Users who employ an FDR feed will be able to send compressed and batched data on a scheduled basis to an S3 bucket, then notified using an SQS queue. Batch sizes can vary, and batch data more than 7 days old is automatically deleted from S3 buckets provided by CrowdStrike (customer-owned buckets aren't subject to this retention period). This means that the data a user might store is dependent on these factors and the retention period.

For more information, see the documentation here: Ingesting FDR Data into a Repository

Parsing Data

Logs that are sent to LogScale for ingestion must be parsed before being stored in a repository, which is achieved with the use of parsers. Parsers enrich the incoming data, and are composed of both a script and parser settings- the script is written in CrowdStrike Query Language (CQL), and defines the transformation requirements for incoming events in order for them to become either a searchable event or a more searchable event.

Parser settings are intended to configure and adjust certain actions, like assigning events to a particular datasource (Event Tags) or removing certain fields to optimize operational costs. When data is parsed, it is put on a Kafka ingest queue and an acknowledgement is returned in the response to a client.

Parsers take data and extract fields that are then stored along with the original text. Data can be structured or unstructured, and users must specify what parser is to be used and in which repository the data is to be stored.

Parser Types

There are three options for a parser:

  • Pre-built parsers

  • Built-in parsers

  • Custom parsers

Pre-built Parsers

A number of built-in parsers exist that are built-in to LogScale and automatically available, these include parsers for syslog, key-value and JSON formats. For ingesting third-party data, LogScale supports a number of packages that include parsers, dashboards, and corresponding widgets and alerts.

These packages provide integration with 3rd-party systems and enable you to ingest and parse data without having to write a custom parser. Those parsers normalize ingested data to the CrowdStrike Parsing Standard (CPS, or more commonly referred to as Pa-Sta), a common set of fields that allows for data from different third-party systems such as firewalls or security systems to be normalized so that they can be queried in a consistent and common form. These packages and their respective parsers can be found in LogScale's Package Marketplace, where the available options are organized first by vendor, then by application or platform. These packages and their parsers have been built by CrowdStrike to reliably ingest data into LogScale for quick and easy processing.

If the standard parsers or integrated parsers do not support the data that is being ingested, a custom parser be written. This uses the CrowdStrike Query Language, the same as used for writing queries, and can be extracted and manipulated to format the data as it is ingested.

For more information, see the documentation here: Pre-built Parser from the Marketplace Package Marketplace

Built-in Parsers

Built-in parsers are provided by LogScale to parse common log formats, especially widely-used formats like accesslog, which is used for web servers like Apache and Nginx. Each parser is available via the UI- to access them, visit Repository > Parsers. To see how they might work, test data can be used to show the result of a user's selection. Note that it is important to check the supported regular expression and timestamp formats to ensure best results.

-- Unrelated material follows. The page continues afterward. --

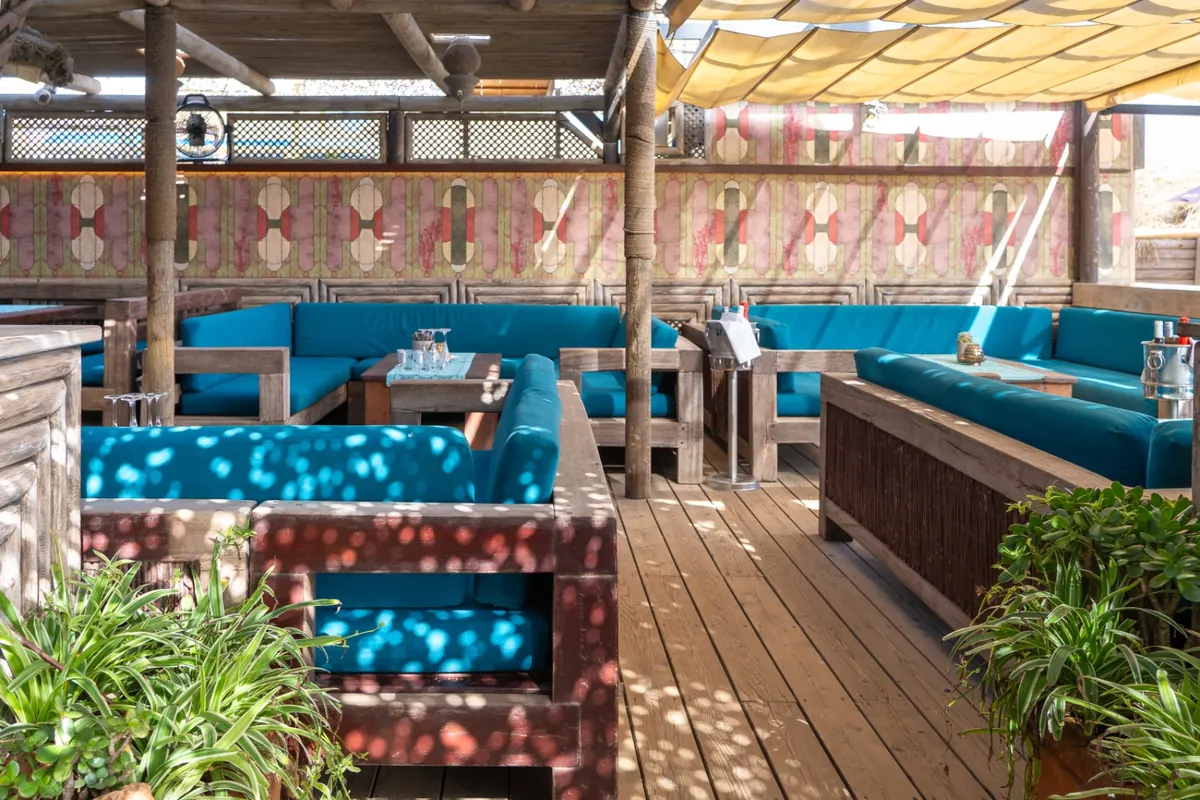 The beach lounge laid out for guests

Built-in parsers are also a great place to start before considering creating a custom parser. Many built-in parsers will support the required need, and if not, they can also provide guidance and context when creating a new parser- users can copy and/or clone an existing parser, then update it with customizations to meet their specific needs.

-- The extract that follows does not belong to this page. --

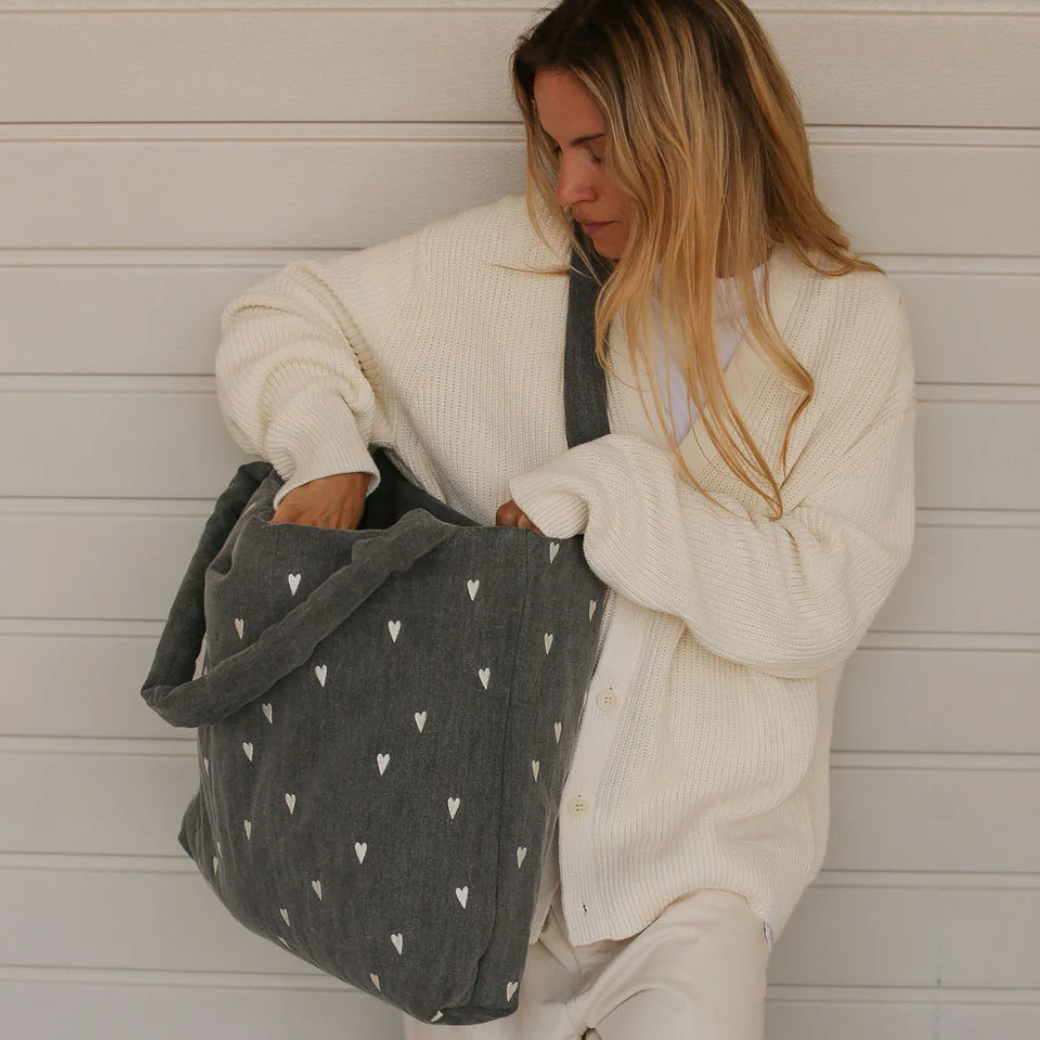 STUDIO NOOS Taška mom bag - Denim Grey Hearts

LogScale provides the following parsers:

  • accesslog

  • audit-log

  • corelight-es

  • corelight-json

  • json

  • json-for-action

  • kv

  • kv-generic

  • kv-millis

  • serilog-jsonformatter

  • syslog

  • Syslog-utc

  • zeek-json

Each parser is designed to account for both common and unique factors associated with parsing data and common tools within a LogScale customer's toolset. JSON and kv (key-value) parsers are particularly practical solutions for a variety of different log files, because the log file output from different tools and software align with this format. Also, the syslog parser will handle the bulk of the system- and some application-level content on Linux.

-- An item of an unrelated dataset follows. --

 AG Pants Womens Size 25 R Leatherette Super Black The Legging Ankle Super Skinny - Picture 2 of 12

For more information, see the documentation here: Built-in Parsers

Custom Parsers

Custom parsers are a recommended solution for users who have not found a suitable option within the pre-built and built-in parser options already available via LogScale. Each parser needs a parser script and appropriate settings to ensure the user's desired result. Users should also keep in mind the level of transformation required for the data to be usable.

Parser Script Goals

The goal for a parser script is to:

  • Extract the correct timestamp from the event

  • Set the fields you want to use frequently in your searches

Because the timestamp is used to find results within a certain time frame, ensuring the timestamp is present as part of the parser script is essential. This can be achieved by assigning the timestamp within your data to the @timestamp field. In certain cases, the timestamp is automatically assigned to the field @collect.timestamp- this happens when a user ingests data using Falcon Log Collector.

Another field that should be considered is @rawstring. Because @rawstring contains the original text of the event, having it present allows users to view an event in its original form and in its entirety. @rawstring also doesn't have a required format, making it easier to parse incoming data without ever referring to the field explicitly in the script. Many functions used for parsing will default to using @rawstring if no field is specified.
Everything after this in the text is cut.